Beijing Winter Olympics Would Tax Water Supplies, IOC Study Says

Beijing’s bid to host the 2022 Winter Olympics could deplete existing water resources, according to an International Olympic Committee report.

“Reliance on artificial snowmaking would require diversion of water from existing reservoirs and may impact other land uses,” the IOC evaluation commission said Monday after visiting the city in March. The “scale of regional air quality issues is very significant.”

IOC members will choose between Beijing and Almaty in Kazakhstan after presentations by both cities in Kuala Lumpur on July 31. Oslo; Stockholm; Krakow, Poland; and Lviv, Ukraine, all dropped out of the running citing costs and lack of local support. Russia spent a record $51 billion on the 2014 games in Sochi.

Beijing, which hosted the 2008 Summer Games, is proposing Alpine skiing and sliding venues and an Olympic Village at Yanqing adjacent to the 4,600 hectare Songshan National Nature Reserve. China has a fifth of Earth’s population yet only 7 percent of its freshwater resources.

Almaty’s bid, which also incorporates a national park, faces environmental and financial challenges of its own, the IOC said.

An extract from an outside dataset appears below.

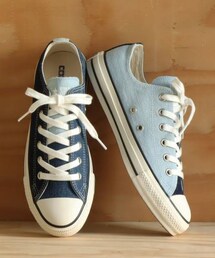 CONVERSE ALL STAR | マルチデニム(スニーカー)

“Economic factors, including low oil prices and exchange rate issues, could negatively impact games preparations and the government’s capacity to provide financial and other support,” according to the report. “Combined with revenue uncertainty related to ticketing and sponsorship, the budget presents risks.”

Raising money to build hotels and housing for athletes could be difficult if market conditions change, the IOC said.

Almaty was praised for a compact site with short travel times and “good snow conditions in an Alpine environment,” while Beijing can build on environmental awareness that started with the 2008 games.